Our approach of SMEs’ leadership challenges the theory of transformational leadership (Bass, 1985; Riggio & Lee, 2007). The relationships between leaders and employees in large corporations illustrate the paradigm of transformational leadership that encompasses four dimensions: idealized influence (charisma), inspirational motivation, intellectual stimulation, and individualized consideration. Many scholars argued that transformational leadership is not fully relevant to SMEs because these enterprises do not have formalized or standardized procedures designed to organize the dialog between leaders and employees, as it is the case in many corporations (Kotey & Slade, 2005). However, research dedicated to SMEs mainly focused on one of the four dimensions of transformational leadership, which is inspirational motivation, with the aim of exploring the development of organizational commitment in smaller enterprises (Eddleston, 2008; Pearson & Marler, 2010). These studies demonstrate that those SME leaders who are able to enhance their employees’ organizational commitment will positively increase work effectiveness and reduce the level of absenteeism. The present chapter argues that it is the SME leaders’ capacity to coordinating the genesis of collective cognition and competence that may help enhance organizational cohesiveness and involvement of all employees. This internal cohesion and commitment will consequently sustain the progressive emergence of one or several collective competence(s) that will help the enterprise to maintain its competitive advantage, while also being able to adapt to changes and chocks in the external environment.
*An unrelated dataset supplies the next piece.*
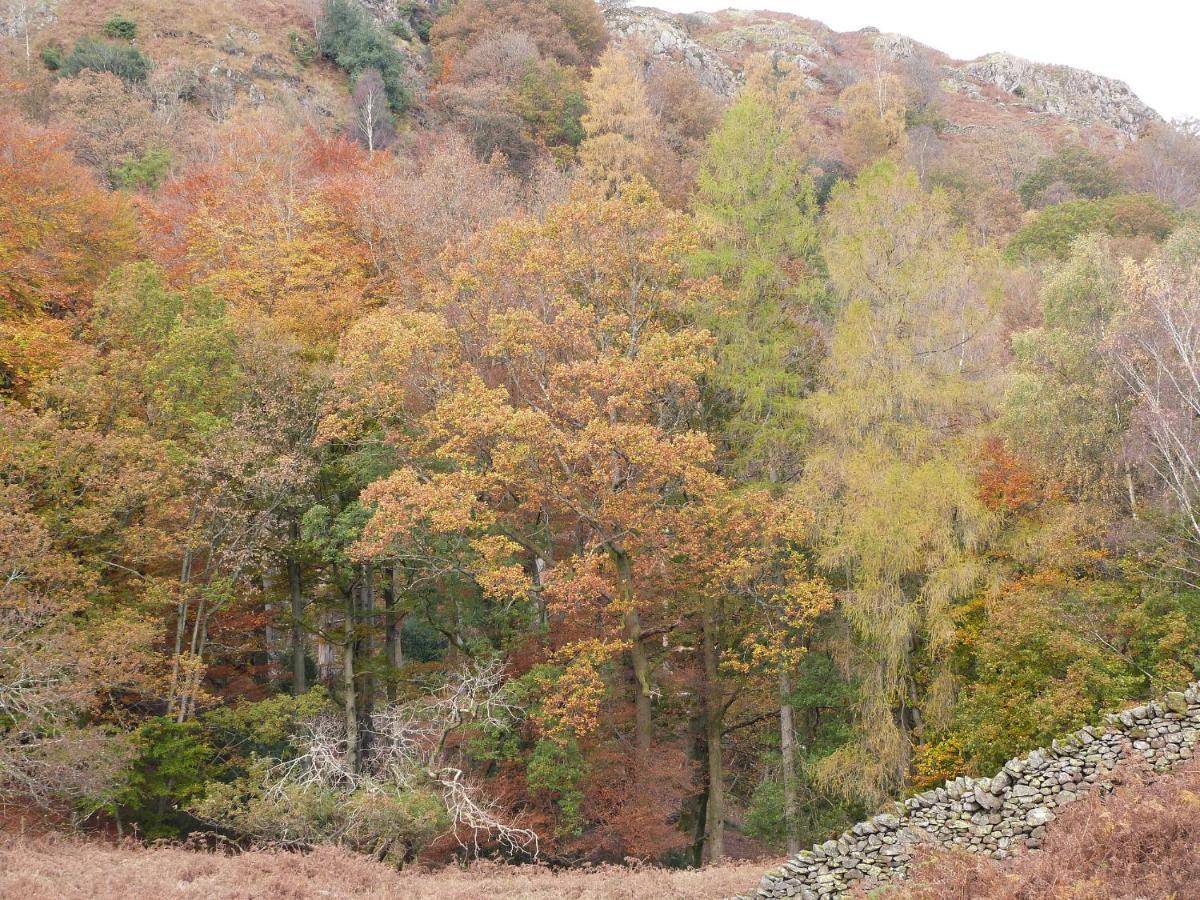 Вилла Beech Улверстон Экстерьер фото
In SMEs settings, the employees’ group dynamics leading to the progressive development of collective cognition and competences may be a source of sometimes intense interpersonal negotiation and tension. But this is also a major trigger of competitive advantage and positive strategic outcomes at the SME’s level. We think SMEs’ leadership is about moderating employees’ collective cognition and action to help them manage resources strategically in pursuit of entrepreneurial opportunities (Ireland et al., 2003).